Adanya perbedaan pendapat dalam era modern seperti sekarang ini sudah menjadi hal yang biasa, apalagi jika kita telaah lebih dalam pada era informasi seperti sekarang ini siapapun dapat mengemukakan pendapatnya dengan gaya dan metodenya masing – masing tanpa perlu khawatir tentang apa yang di sampaikannya.

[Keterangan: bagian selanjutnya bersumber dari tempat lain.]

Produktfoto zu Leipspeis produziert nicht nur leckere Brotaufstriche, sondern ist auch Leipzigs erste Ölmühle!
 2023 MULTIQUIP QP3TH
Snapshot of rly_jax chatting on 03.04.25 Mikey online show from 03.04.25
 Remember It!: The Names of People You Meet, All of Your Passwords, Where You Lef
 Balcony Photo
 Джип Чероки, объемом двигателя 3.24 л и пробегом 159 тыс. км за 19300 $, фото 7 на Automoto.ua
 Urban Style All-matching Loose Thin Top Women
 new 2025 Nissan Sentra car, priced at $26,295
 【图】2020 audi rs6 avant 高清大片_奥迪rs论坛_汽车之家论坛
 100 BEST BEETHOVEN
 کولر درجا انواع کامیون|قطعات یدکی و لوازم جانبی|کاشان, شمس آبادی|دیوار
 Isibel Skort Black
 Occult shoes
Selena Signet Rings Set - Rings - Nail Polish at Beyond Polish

Tepat 10 hari yang lalu sempat terulang sebuah kejadian yang cukup ‘mencengangkan’ dan sempat menjadi ‘booming’ di media sosial. Pergantian cabinet jilid kedua, itulah keputusan bapak presiden Joko Widodo pada rabu (27/7) yang seketika mengundang berbagai pendapat yang mendukung atas keputusannya dan bahkan menguhujatnya karena dirasa ‘sembrono’ dalam pengambilan keputusan kenegaraan. Belum lagi permasalahan salah satu menteri yang mempunyai status kewarganegaraan ganda, yang belakangan ini menuai kontroversi baru.

Tentulah apabila kita melihat perbedaan komentar – komentar yang muncul atas keputusan pak presiden itu, tidak dapat dipungkiri masalah klasik perbedaan pendapat ini akan terus berlangsung tanpa ujung. Namun kali ini bukan masalah perbedaan pendapat yang harus disoroti dalam pergantian cabinet jilid kedua ini, tetapi lebih baik kita coba melihat kemungkinan optimis dan dampak apa yang bisa terjadi dari adanya keputusan reshuffle ini.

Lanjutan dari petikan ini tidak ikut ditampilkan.